The Regency Era is a hot topic right now, especially with the highly popular Netflix series, Bridgerton making waves with audiences. So, of course, there will be a high enthusiasm for regency romances, from the classics (like Jane Austen) to the contemporary authors (like Alyssa Cole and Julia Quinn).

But haven’t you ever wonder what the Regency era really was like? Want to discover the characteristics, the personalities and the momentous occasions that made this era just so memorable? If watching Bridgerton made you want to become an amateur historian of the Regency, here are some great book reccommendations to help you get started:

Note: All links will lead to the book’s StoryGraph listing entry.
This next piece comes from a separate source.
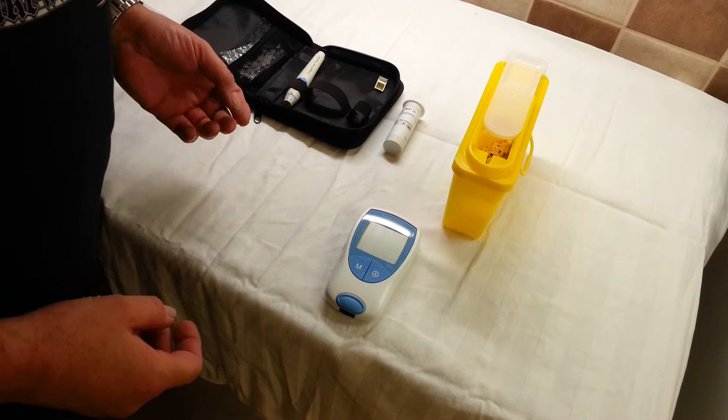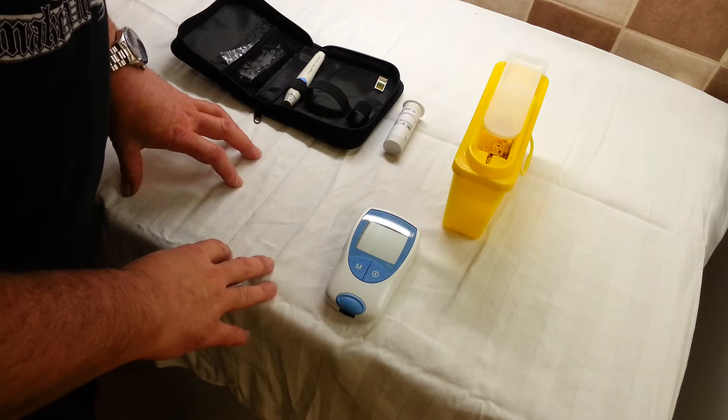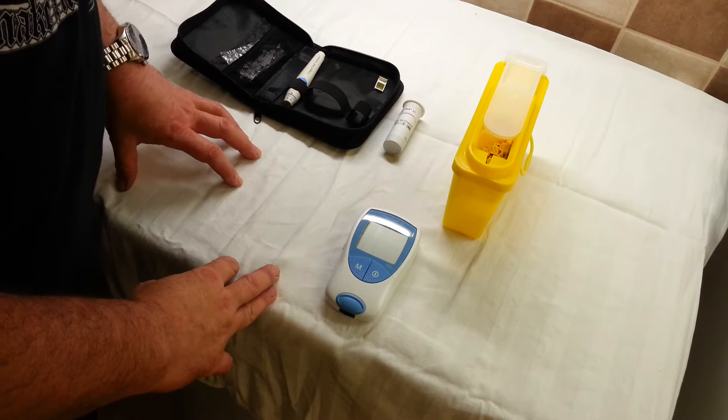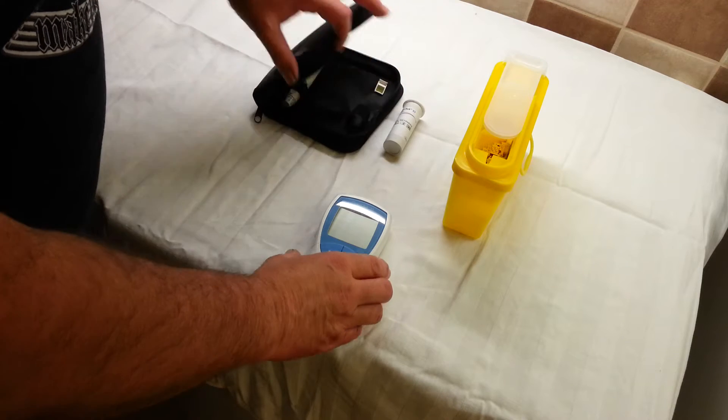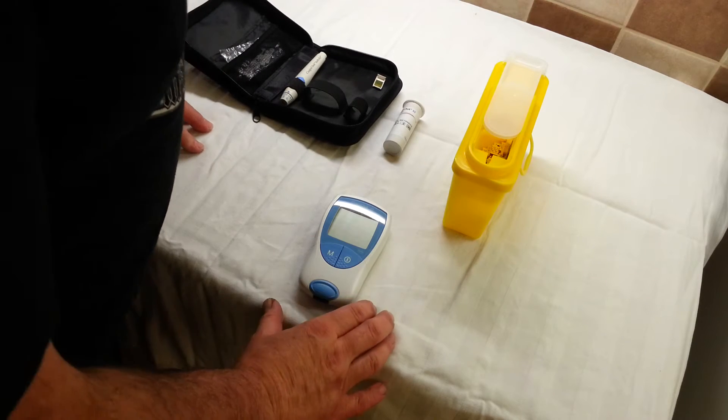As promised, I'm just doing a short video about how I do my home warfarin testing. Basically this is the kit, which in my case is a Roche Coaguchek XS.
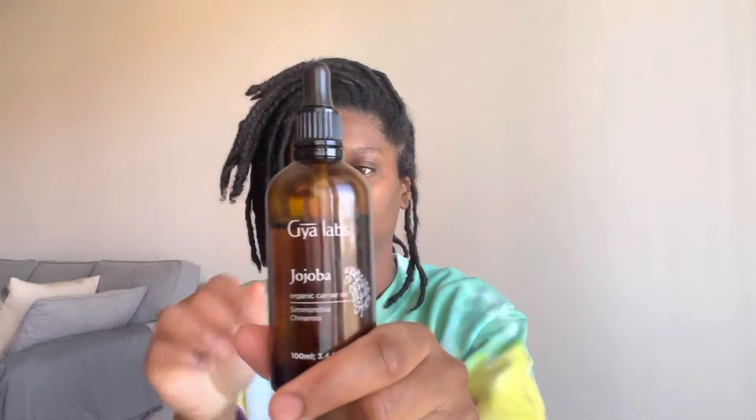Then I'm going to take my sea moss and just rub it on my scalp and also a little bit on my hair at the root so both can get moisturized. You don't need a lot of this, just a little bit.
Jane Austen: The World of Her Novels by Deirdre Le Faye

With a wealth of details about Jane Austen’s life and times, this volume brings to life the world of her novels. Austen scholar Deirdre Le Faye first gives an overview of the period, from foreign affairs to social ranks, from fashion to sanitation. She goes on to consider each novel individually. (Credit: Frances Lincoln)

Our Tempestuous Day: A History of Regency England by Carolly Erickson

From 1810 to 1820, while his father, King George III, declined into madness at Windsor, besieged by nightmares of England sinking into the sea, George, the Prince of Wales, served as Regent, creating an epoch in England now known as the Regency Period.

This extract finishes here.